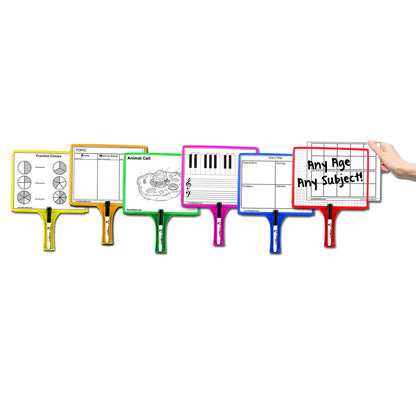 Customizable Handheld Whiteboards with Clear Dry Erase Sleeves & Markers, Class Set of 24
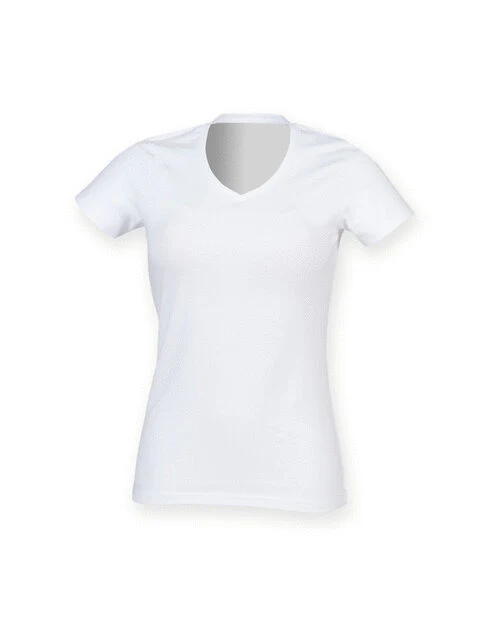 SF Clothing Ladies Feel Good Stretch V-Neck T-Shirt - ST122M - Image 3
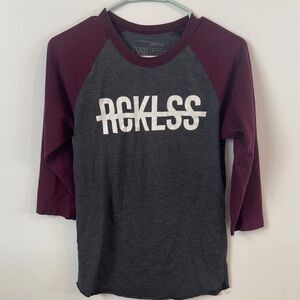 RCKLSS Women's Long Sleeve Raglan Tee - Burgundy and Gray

************

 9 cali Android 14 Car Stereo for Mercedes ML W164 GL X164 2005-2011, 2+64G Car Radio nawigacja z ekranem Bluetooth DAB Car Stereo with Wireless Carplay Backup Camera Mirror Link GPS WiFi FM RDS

************

__Directions__:
Look above for the line with "SF Clothing Ladies" and the line with "RCKLSS Women's Long". Give again exactly those two lines and all lines between them, pictures excluded.

__Response__:
 SF Clothing Ladies Feel Good Stretch V-Neck T-Shirt - ST122M - Image 3
 RCKLSS Women's Long Sleeve Raglan Tee - Burgundy and Gray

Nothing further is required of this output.